Benjamin Newby and Mary Cross had married in a civil ceremony registered at Stockport in 1891. Roy is thought to have been their only child. When the census was taken in 1901, the family was living at 30 Mauldeth Road, Heaton Mersey. Benjamin practiced as an architect and, in common with most middle class families of the day, he could afford to employ a live-in servant - 16 year old Annie Oldham.

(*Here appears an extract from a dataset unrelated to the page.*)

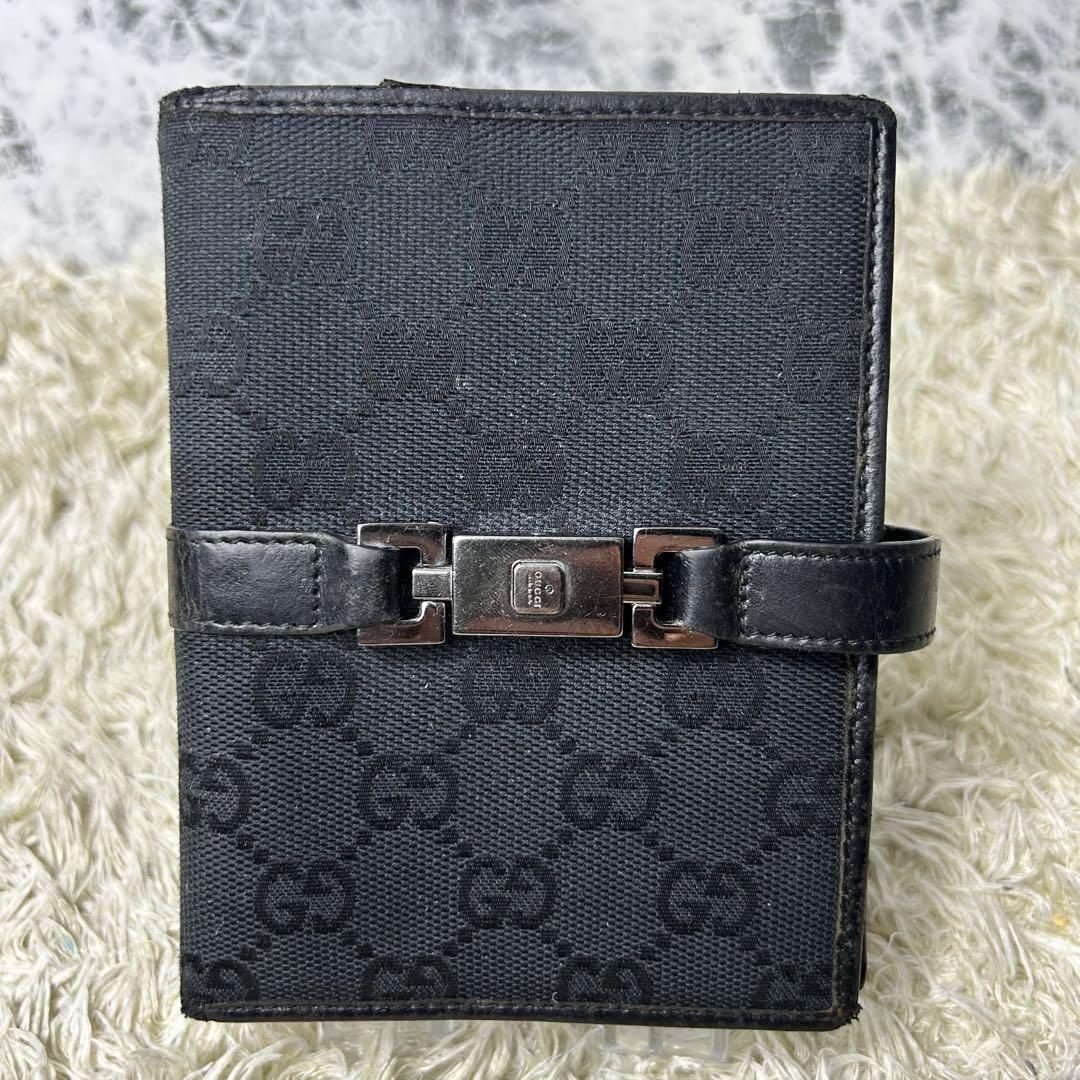 GUCCI 手帳カバー gg柄 キャンバス ブラック 金具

Nothing is known of Roy's early life, except that he was a keen sportsman and fine athlete. When he had finished his education, he went to work at the offices of cotton good exporting firm, James Greaves & Co, in Ridgefield, Manchester. Almost certainly, he will have known James Sidebotham, another employee whose uncle owned the firm. As with many middle class young men, when he enlisted into the army at Manchester, he joined the Royal Fusiliers, his service number indicating that he was originally assigned to one of its "Public Schools" battalions. However, after his training, he was transferred to the 8th Battalion, possibly joining it as one of a draft of replacements prior to the opening of the Battle of the Somme in July 1916.
At the beginning of October, Roy and his comrades were in the front line trenches near the village of Flers but were relieved on the evening of the 3rd. They moved a little way to the rear into the support line. Enemy shelling had been particularly heavy for several days and it continued all through the night and the next day. Roy was one of four men killed that day.